Integrated circuits (chips) comprise many different components that must have electrical connections therebetween in order to interoperate. Typically, the chip real estate is divided into different regions with each particular component being assigned a particular region of the “floorplan.” For example, a particular region is reserved for a memory controller, another region for a processor core, etc. These regions are referred to as “active regions.” Typically, a thin channel (“non-active region”) separates the active regions. As described below, portions of the non-active region can be reserved for repeaters to improve signal transmission between the components. However, as more of the floorplan is used as active regions for components, less of the floorplan is available as a non-active region. This is true of systems-on-a-chip (SoCs), as well as other integrated circuits.
In order for the different components to interoperate, thousands of electrical connections are needed to route signals between the components. Typically, the signal routes are implemented in metal layers above the chip substrate. A particular signal route often requires one or more repeaters to assure proper signal propagation. For example, the signal route may have an RC delay due to electrical resistance of the metal used for the signal path and capacitive coupling between the metal and other electrical connections. Electrically connecting a repeater to a signal path can reduce or eliminate the RC delay. A repeater may also improve other signal propagation characteristics such as signal shape. Since the repeaters are not at the metal layers used for the signal paths, the signal path is typically routed down to the input and output of a repeater. Unfortunately, determining which repeater to use for each signal route is complex and time consuming. Moreover, the process of routing the signal path to the assigned repeater significantly complicates the overall routing of signal paths.
Typically, the process of assigning repeaters to signal paths and routing the signal paths is iterative. For example, during a floor planning stage, a portion of the channels is reserved for repeaters.
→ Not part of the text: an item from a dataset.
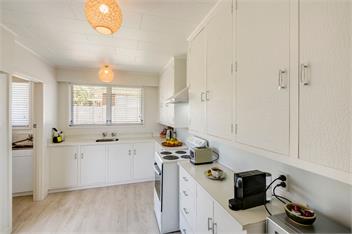 Duart Haven (Bachcare) - Havelock North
This is followed by a first pass at determining signal routes in the metal layers for the needed electrical connections, which generates a “netlist” of electrical connections. Then, an attempt is made to assign repeaters to whatever signal routes need them. However, typically this attempt fails to assign a repeater to each signal route that needs one or more repeaters. Moreover, many of the repeater assignments are poorly optimized in that a significant detour must be made from the signal path to route it to the repeater. In some cases, the locations in the floor plan that are reserved for the repeaters are modified and the process is repeated. The new locations for the repeaters may be based, at least in part, on an analysis of the timing of the signal routes, factoring in the detours to get to the repeaters.
As integrated circuits become more complex and compact, the challenge of routing the signal paths and assigning repeaters becomes more difficult. Further, as integrated circuits become more complex, the channel size becomes smaller. Thus, finding suitable repeaters locations is becoming more difficult.
Another problem with these techniques for routing signal paths is the unpredictability of the correlation between the original routing solution and the final routing solution after the iterations have converged to a final routing solution. Because designers rely on the original routing solution to perform early full chip timing analysis, if the final routing solution does not correlate well with the original routing solution then the early timing analysis will not be valid.
Because of these and potentially other drawbacks, this approach does not provide wholly satisfactory results. Consequently, an improved method and system for routing signal paths and assigning repeaters to signal paths during an integrated circuit design process is desired.